The reality is that in any industry, you can't survive without constantly continuing to study. That's why, whenever a member of our team has a study session they want to attend, we back them all the way. We also value the reflection that comes afterward. We may not be making the most of it just yet, but I'm sure it will always help with individual growth and with the organization's productivity.
This is a rather belated study-session report, but since I wanted to write it up on our note, I'll share the two staff members' impressions and so on.
Staff Report 1

I attended a hands-on customer success study and consultation session hosted by a consulting firm called Creative Hope Inc. (hereafter CRH). Since CRH mainly supports EC consulting and customer success, the aim of the event was to introduce a B2C marketing tool called HubSpot.

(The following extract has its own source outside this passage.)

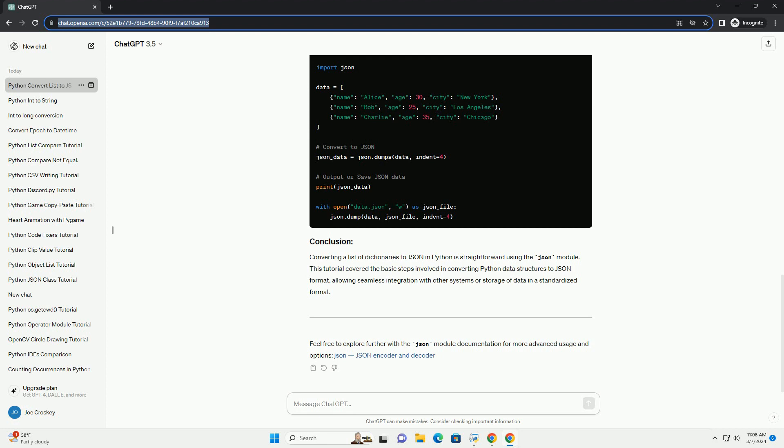This will make the JSON output more human-readable by adding indentation. Output or save the JSON data. You can now output the JSON data or save it to a file. If you want to save it to a file, you can use the json.dump function.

Studying marketing terms (LTV, churn rate, upsell, cross-sell, and so on) was of course useful as new knowledge. As a consumer myself day to day, I realized how I get drawn in by sales techniques like upselling and cross-selling. The Google Analytics talk ran a full 40 minutes, but it was easy to follow. Analyzing data on each individual customer has almost nothing to do with our own business, but I really related to the idea that the times are always changing — where it used to end with reporting, now it starts with reporting. Apparently 65% of today's children will take jobs that don't exist yet, and somehow the change of the times is exciting.
And among the three presenters, I found myself thinking "hard to follow!", "clear and interesting!", and "clear but kind of boring." I want to be someone who's both clear and interesting to listen to! I really need to improve my Japanese…! That's all!

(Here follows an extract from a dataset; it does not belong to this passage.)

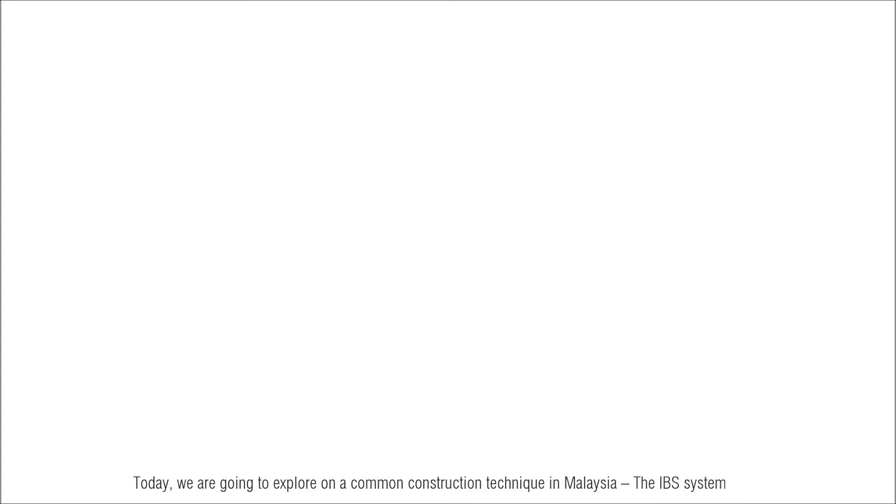We are going to explore a common construction technique in Malaysia, the IBS system.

Staff 2 — Ashida, 25, director, from Chiba
Hands-on Customer Success Study & Consultation Session, 10/23, 16:00–19:00
Part 1: "About Customer Success (HubSpot sales)"
The importance of your existing customer base. As the 1:5 rule and the 5:25 rule show, acquiring new customers matters too, but retaining your existing base becomes crucial for growing revenue. What's important for customer retention is doing customer success. Customer success means "raising customer satisfaction and maximizing revenue by solving customers' problems and guiding them to success." Customers gain high satisfaction and continue and expand their use of the service. On top of that, it's a mechanism where referrals from customers bring in new customers. In customer success, "Customer Churn Rate" is often set as a KPI. New-customer acquisition and the like fall under sales and marketing, so they aren't set as KPIs here.
↓ From here, HubSpot sales. As stated above, customer success matters for satisfying customers and earning their trust, but the work of other teams matters too. "HubSpot" is a tool that lets the marketing, sales, and customer service teams cooperate with one another to nurture customers. HubSpot's customer-support model is the flywheel. It's a service that reduces friction and barriers between teams as much as possible and smoothly handles attracting (marketing), building trust (sales), and satisfying (customer success). The admin screens are apparently easy and intuitive for non-engineers to use too. Everyone, do give it a try.
Part 2: "Customer Analytics." Customer analytics is "a methodology for acquiring and using data from the customer's perspective to deliver a good customer experience based on understanding the customer." Old analytics reports had too many surface-level numbers — what sold, what times get the most access — and were too company-centric. Today it's an age where the customer is the star, and analytics from the customer's viewpoint are needed: from things like access increases/decreases and monthly sales, to changes in behavior and attitude, satisfaction, usability, hesitation, and so on. The purpose of customer analytics is "delivering highly relevant, desirable offers to customers in a timely way = providing a good customer experience." Concretely, you provide the customer experience (PR and marketing measures, etc.), measure it (integrating behavioral, psychological, and attribute data, etc.), and understand the customer (modeling the customer experience, etc.). And then the customer experience again — cycling through "Model," "Experience," and "Data." That's all. Please do use HubSpot.